After locating the line that contains "Hydra-Oil Scar Removal", restate it and each later line word for word through the end of the records.
____________
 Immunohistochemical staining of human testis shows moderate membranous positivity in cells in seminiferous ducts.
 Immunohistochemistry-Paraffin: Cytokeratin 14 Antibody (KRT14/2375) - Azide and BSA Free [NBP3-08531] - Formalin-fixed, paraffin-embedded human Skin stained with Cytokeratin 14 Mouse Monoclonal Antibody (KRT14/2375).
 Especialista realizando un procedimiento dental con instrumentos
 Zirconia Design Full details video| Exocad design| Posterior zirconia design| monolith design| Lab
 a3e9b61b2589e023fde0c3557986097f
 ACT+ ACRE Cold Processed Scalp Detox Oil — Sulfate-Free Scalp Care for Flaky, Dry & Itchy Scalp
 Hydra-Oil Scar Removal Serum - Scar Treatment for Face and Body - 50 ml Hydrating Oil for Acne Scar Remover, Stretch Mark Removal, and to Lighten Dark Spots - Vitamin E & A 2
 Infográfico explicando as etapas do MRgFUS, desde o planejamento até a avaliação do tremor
____________
**RESULT OF THIS EXERCISE:**
 Hydra-Oil Scar Removal Serum - Scar Treatment for Face and Body - 50 ml Hydrating Oil for Acne Scar Remover, Stretch Mark Removal, and to Lighten Dark Spots - Vitamin E & A 2
 Infográfico explicando as etapas do MRgFUS, desde o planejamento até a avaliação do tremor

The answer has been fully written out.